To compare performance of various techniques, try using Visual Explain. You will find it buried in System i Navigator. Under your system connection, expand databases, then click onyour RDB name. In the lower right pane you can then click on the option to Run an SQL Script. Enter in your SELECT statement, and choose the menu option for Visual Explain or Run and Explain. Visual explain will break down the execution plan for your statement and show you the cost for each part as estimated on your tables with the indexes available.

Solution 4

You can actually run with real examples in your database.

LIKE is always better at my run.

select count(*) from u_log where log_text like 'AUT%';
1 row(s) returned : 90ms taken

select count(*) from u_log where substr(log_text,1,3)='AUT';
1 row(s) returned : 493ms taken
Share:
25,206
Swoop
Author by

Swoop

Web Programmer, currently using ASP.Net with C#.

Updated on September 25, 2020

Comments

  • Swoop
    Swoop over 3 years

    I am working on a join condition between 2 tables where one of the columns to match on is a concatentation of values. I need to join columnA from tableA to the first 2 characters of columnB from tableB.

    I have developed 2 different statements to handle this and I have tried to analyze the performance of each method.

    Method 1:

    ON tB.columnB   like  tA.columnA || '%'
    

    Method 2:

    ON substr(tB.columnB,1,2) = tA.columnA
    

    The query execution plan has a lot less steps using Method 1 compared to Method 2, however, it looks like Method 2 executes much faster. Also, the execution plan shows a recommended index for Method 2 that could improve its performance.

    I am running this on an IBM iSeries, though would be interested in answers in a general sense to learn more about sql query optimization.

    Does it make sense that Method 2 would execute faster?

    This SO question is similar, but it looks like no one provided any concrete answers to the performance difference of these approaches: T-SQL speed comparison between LEFT() vs. LIKE operator.

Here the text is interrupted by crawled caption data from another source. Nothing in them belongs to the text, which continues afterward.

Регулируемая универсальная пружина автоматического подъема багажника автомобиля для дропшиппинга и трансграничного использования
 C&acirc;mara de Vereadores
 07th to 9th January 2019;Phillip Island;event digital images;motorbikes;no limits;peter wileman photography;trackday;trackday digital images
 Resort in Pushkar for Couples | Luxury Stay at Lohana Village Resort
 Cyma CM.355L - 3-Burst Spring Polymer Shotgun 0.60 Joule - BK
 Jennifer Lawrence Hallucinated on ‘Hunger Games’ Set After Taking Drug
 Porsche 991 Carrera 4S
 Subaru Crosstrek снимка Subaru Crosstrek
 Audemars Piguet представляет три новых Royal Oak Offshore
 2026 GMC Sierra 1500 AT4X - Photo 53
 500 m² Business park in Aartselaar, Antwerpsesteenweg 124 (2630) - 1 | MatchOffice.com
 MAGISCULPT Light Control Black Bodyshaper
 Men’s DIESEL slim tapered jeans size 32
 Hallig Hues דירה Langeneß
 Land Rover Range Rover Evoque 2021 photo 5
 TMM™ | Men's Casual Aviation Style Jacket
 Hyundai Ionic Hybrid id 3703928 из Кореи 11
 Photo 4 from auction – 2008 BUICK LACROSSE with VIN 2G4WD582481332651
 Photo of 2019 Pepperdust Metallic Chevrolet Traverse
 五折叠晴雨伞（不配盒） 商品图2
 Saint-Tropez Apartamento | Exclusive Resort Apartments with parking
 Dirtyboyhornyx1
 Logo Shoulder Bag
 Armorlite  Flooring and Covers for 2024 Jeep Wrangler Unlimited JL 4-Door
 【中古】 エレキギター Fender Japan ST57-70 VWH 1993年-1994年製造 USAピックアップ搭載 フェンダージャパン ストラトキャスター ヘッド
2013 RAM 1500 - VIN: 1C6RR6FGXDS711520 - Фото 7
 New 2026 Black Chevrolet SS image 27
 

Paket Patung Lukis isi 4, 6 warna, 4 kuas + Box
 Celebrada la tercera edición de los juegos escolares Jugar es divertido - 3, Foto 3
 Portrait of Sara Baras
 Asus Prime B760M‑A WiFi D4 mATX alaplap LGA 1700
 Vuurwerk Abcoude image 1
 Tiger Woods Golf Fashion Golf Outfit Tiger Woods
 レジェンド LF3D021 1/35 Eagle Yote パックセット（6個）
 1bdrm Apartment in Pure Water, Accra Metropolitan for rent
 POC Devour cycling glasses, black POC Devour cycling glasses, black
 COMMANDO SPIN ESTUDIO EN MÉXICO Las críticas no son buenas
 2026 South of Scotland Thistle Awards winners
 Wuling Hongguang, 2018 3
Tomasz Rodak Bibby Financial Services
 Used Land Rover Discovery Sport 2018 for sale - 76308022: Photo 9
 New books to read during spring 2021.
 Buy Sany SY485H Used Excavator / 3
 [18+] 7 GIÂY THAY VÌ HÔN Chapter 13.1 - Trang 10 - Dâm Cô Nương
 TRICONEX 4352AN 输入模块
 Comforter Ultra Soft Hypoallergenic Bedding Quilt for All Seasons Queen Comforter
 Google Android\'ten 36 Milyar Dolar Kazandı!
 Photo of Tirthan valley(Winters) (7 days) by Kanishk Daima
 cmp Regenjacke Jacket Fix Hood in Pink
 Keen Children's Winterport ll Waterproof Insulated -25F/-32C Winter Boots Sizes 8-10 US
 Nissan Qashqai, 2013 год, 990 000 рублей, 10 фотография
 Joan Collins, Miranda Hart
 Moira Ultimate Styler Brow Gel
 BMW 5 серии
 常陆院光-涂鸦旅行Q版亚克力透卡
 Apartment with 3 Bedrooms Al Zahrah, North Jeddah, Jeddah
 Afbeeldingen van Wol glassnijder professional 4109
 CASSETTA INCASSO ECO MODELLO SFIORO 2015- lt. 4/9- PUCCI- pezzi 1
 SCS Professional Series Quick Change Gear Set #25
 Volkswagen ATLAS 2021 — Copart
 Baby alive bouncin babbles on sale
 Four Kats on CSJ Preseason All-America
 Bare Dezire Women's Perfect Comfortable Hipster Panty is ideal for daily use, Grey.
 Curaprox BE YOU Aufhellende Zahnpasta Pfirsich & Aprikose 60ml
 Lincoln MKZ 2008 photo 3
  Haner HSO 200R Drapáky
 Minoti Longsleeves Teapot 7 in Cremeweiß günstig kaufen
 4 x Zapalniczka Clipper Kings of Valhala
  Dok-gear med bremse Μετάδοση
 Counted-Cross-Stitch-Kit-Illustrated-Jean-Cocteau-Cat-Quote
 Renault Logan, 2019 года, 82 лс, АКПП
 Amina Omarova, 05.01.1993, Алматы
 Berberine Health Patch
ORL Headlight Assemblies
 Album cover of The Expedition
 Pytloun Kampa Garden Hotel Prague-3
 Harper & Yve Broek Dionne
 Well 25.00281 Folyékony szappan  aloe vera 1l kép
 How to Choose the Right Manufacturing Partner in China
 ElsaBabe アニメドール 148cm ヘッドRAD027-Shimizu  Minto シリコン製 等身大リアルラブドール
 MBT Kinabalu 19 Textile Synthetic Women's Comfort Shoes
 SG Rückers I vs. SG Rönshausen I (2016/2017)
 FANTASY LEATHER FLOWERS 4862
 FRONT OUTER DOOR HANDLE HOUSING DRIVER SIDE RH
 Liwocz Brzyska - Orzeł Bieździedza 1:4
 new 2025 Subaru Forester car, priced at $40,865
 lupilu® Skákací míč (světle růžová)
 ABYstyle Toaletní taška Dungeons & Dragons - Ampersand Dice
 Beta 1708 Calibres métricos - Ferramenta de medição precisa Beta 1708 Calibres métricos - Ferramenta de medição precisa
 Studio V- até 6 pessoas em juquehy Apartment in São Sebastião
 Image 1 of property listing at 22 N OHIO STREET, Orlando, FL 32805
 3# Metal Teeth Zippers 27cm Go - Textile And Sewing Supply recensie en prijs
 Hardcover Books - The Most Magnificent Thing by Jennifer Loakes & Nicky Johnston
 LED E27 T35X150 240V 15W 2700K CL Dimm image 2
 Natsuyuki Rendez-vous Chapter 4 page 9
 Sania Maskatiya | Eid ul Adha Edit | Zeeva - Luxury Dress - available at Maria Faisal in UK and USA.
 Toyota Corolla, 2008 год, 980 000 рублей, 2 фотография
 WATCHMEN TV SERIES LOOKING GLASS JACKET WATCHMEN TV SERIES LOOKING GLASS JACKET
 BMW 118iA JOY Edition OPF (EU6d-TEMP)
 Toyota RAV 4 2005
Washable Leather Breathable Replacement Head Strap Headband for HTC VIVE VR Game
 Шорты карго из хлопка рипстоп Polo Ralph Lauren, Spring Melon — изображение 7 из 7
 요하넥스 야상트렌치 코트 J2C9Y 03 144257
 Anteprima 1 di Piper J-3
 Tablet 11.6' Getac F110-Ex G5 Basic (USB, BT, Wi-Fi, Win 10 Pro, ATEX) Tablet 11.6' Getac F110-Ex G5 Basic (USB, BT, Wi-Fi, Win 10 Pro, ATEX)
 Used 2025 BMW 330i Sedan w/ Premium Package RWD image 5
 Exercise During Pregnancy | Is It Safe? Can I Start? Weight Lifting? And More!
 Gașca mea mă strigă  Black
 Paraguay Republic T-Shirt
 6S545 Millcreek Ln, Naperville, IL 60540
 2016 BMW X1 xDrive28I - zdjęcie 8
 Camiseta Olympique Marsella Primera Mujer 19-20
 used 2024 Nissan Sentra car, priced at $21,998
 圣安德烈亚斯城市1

    PS: The table design that requires this type of join is not something that I can get changed at this time. I realize having the fields separated which hold different types of data would be preferrable.

  • Swoop
    Swoop over 12 years
    I have been using Visual Explain to help optimize my queries, but I am still trying to learn how to make the most of this tool. Do you know of any advanced documentation for it? My google searches thus far have only found basic likes, like how to load Visual Explain.
  • Larry Lustig
    Larry Lustig over 12 years
    LIKE can be quite efficient if the wildcard is at the end of the comparison string and the engine understands to use an available index for the comparison.
  • WarrenT
    WarrenT over 12 years
    @Larry are you saying under some circumstances that the optimizer would understand a wildcard at the end to be equivalent to LEFT()? Can you provide any example where it would more efficient?
  • Larry Lustig
    Larry Lustig over 12 years
    Actually, it would surprise me if any major SQL engine did not understand that any non-wildcard characters at the start of a LIKE comparator could use an indexed search if the LIKE column was indexed. That's a pretty basic optimization. I would normally expect the LIKE to be optimized and the LEFT() to be missed by the optimizer (I don't know if optimizers in general understand the effects of non-SQL functions in queries).